**About this exercise**. In the records below, find the line containing "406 N Acacia Ave, Solana Beach, CA 92075", then print it and every following line exactly, through the last, without pictures.

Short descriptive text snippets

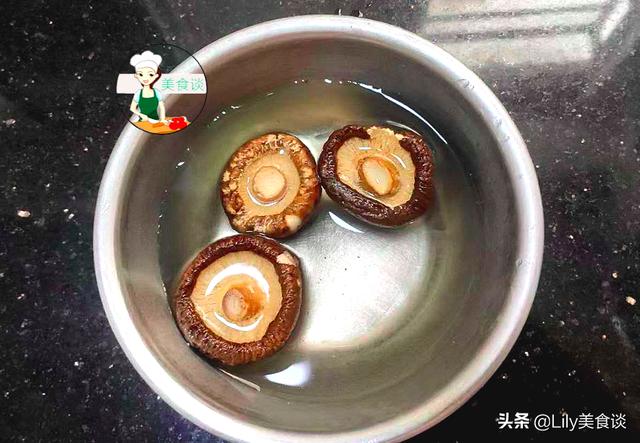 特别适合冬天吃的一道蒸菜，蒸一蒸就好，鲜香美味，营养还不上火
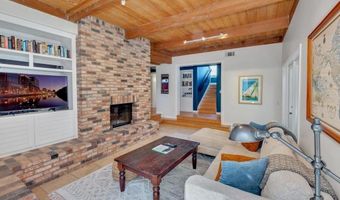 406 N Acacia Ave, Solana Beach, CA 92075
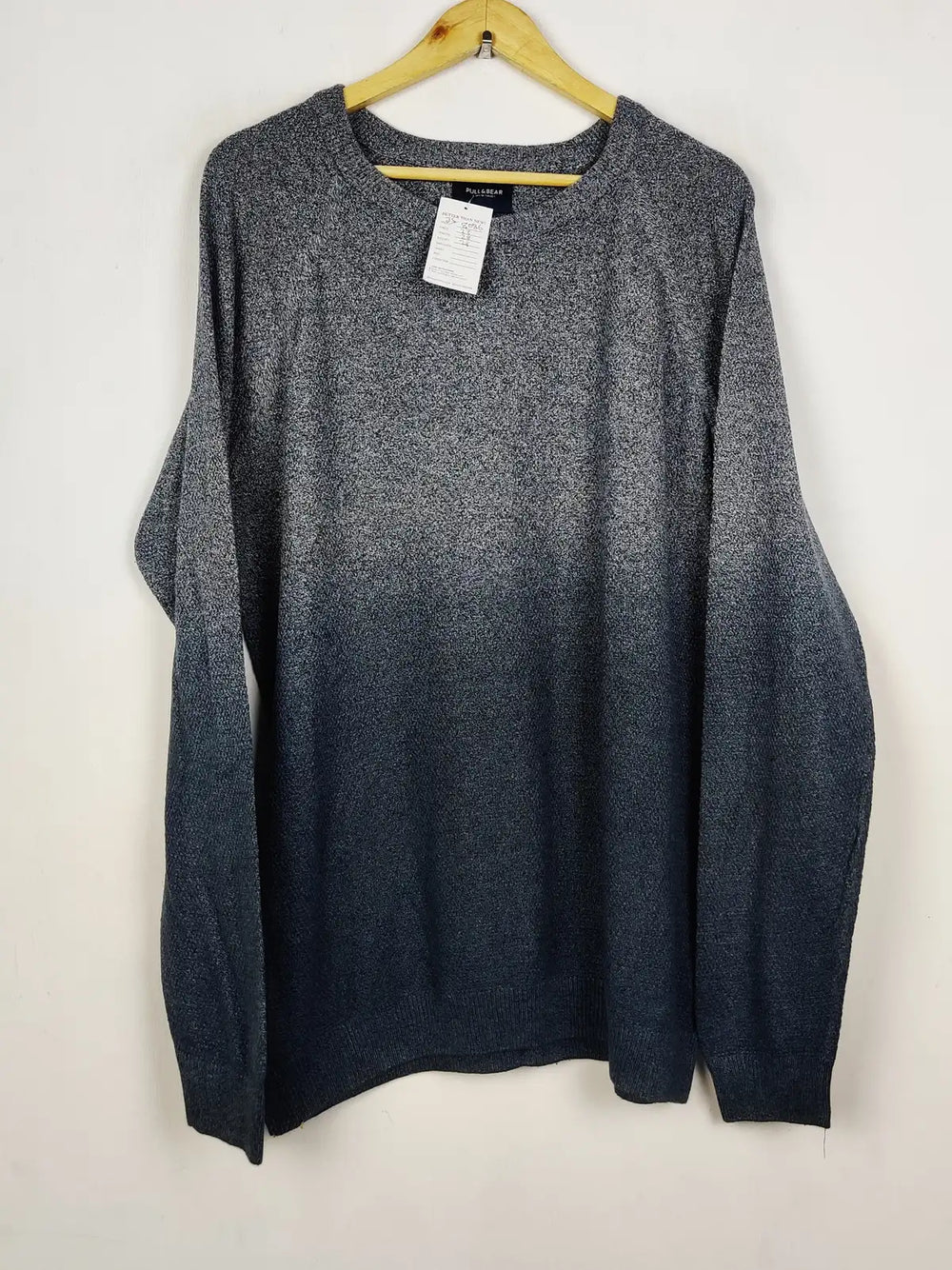 Buy online pre-used pre-loved 100% authentic & Original branded Pull & Bear (JS-8086) available in Pakistan. Top international brands avilable.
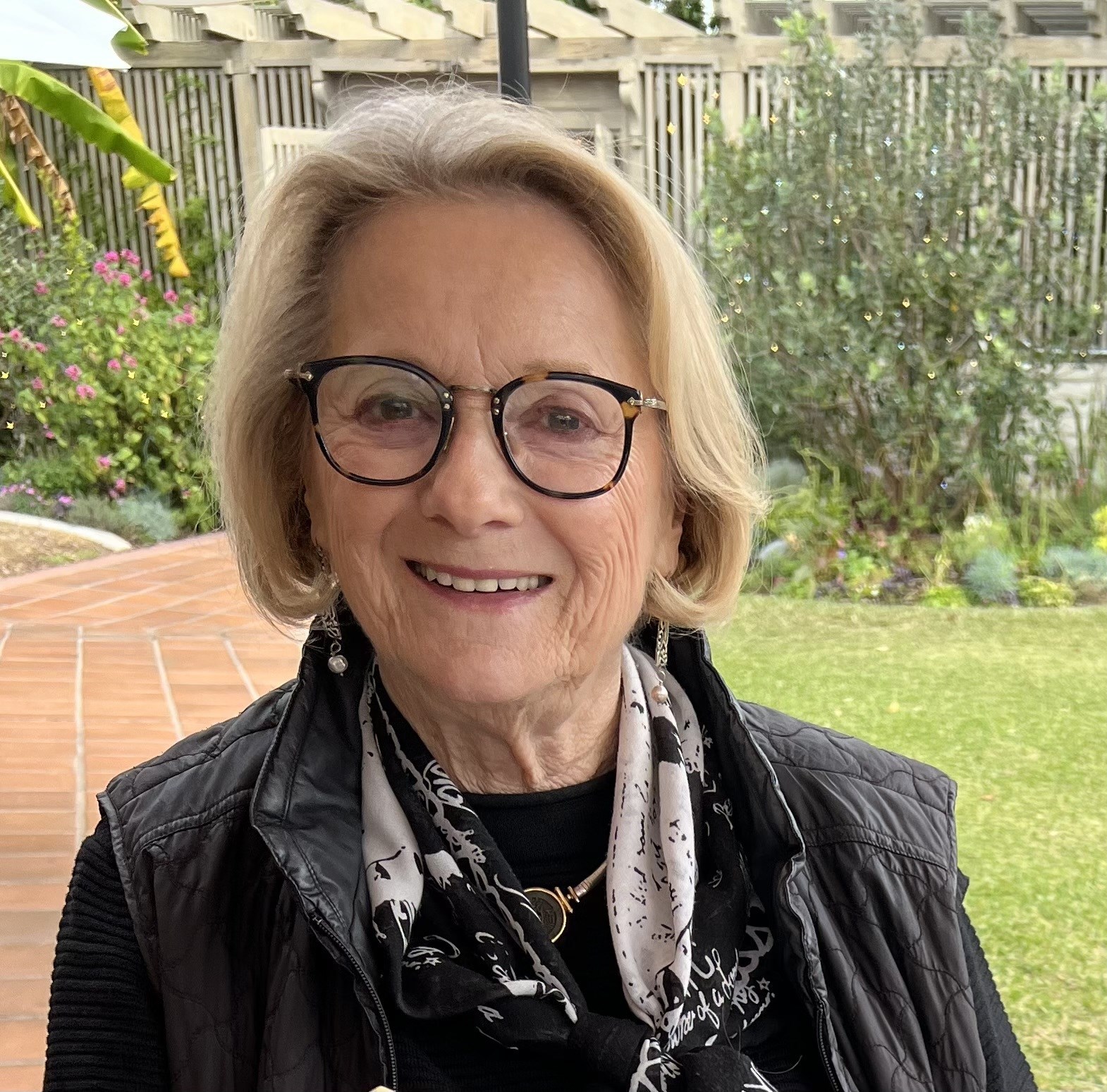 Obituary of Dorothy Lynne Leshner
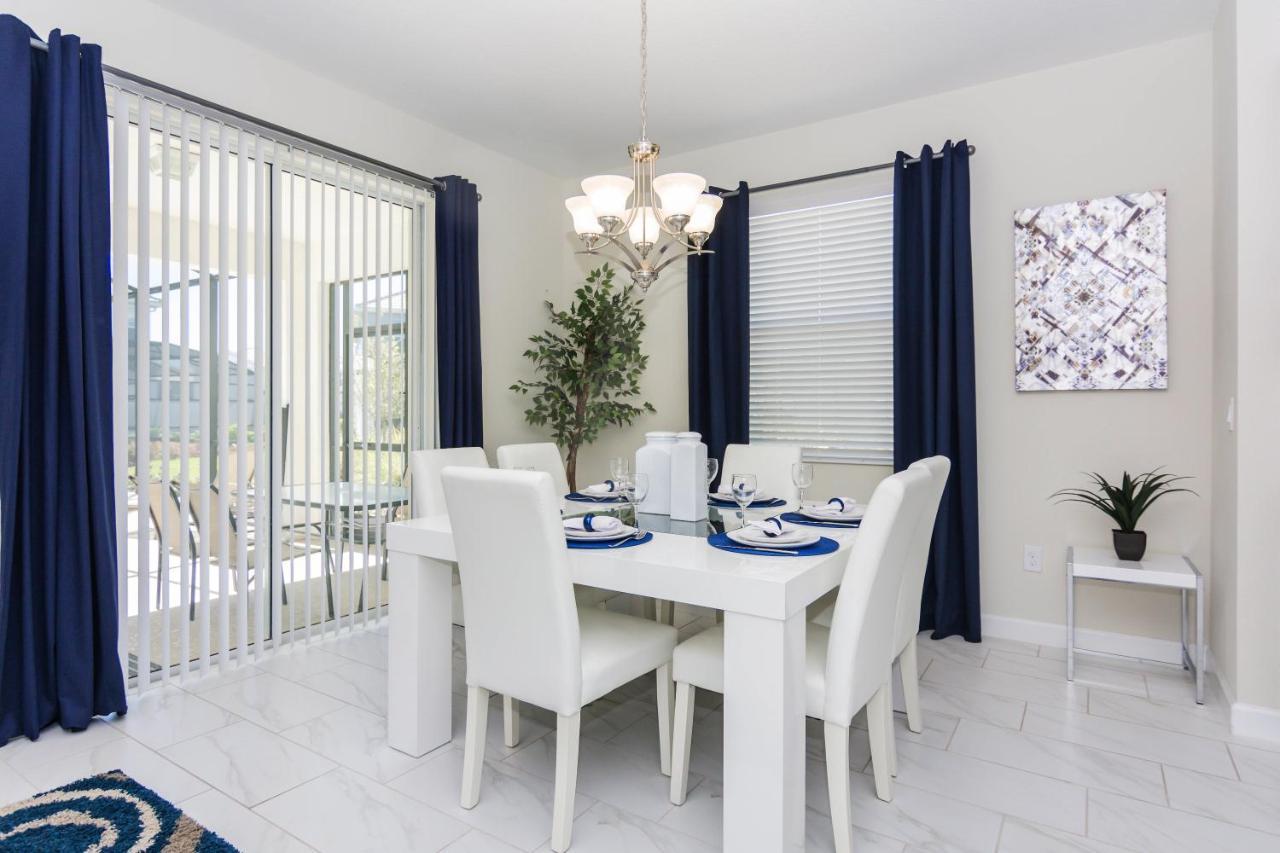 Enchanting Decor Home With Private Pool At Storey Lake Resort Sl4714 Kissimmee Exterior photo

**Response to this exercise**.
 406 N Acacia Ave, Solana Beach, CA 92075
 Buy online pre-used pre-loved 100% authentic & Original branded Pull & Bear (JS-8086) available in Pakistan. Top international brands avilable.
 Obituary of Dorothy Lynne Leshner
 Enchanting Decor Home With Private Pool At Storey Lake Resort Sl4714 Kissimmee Exterior photo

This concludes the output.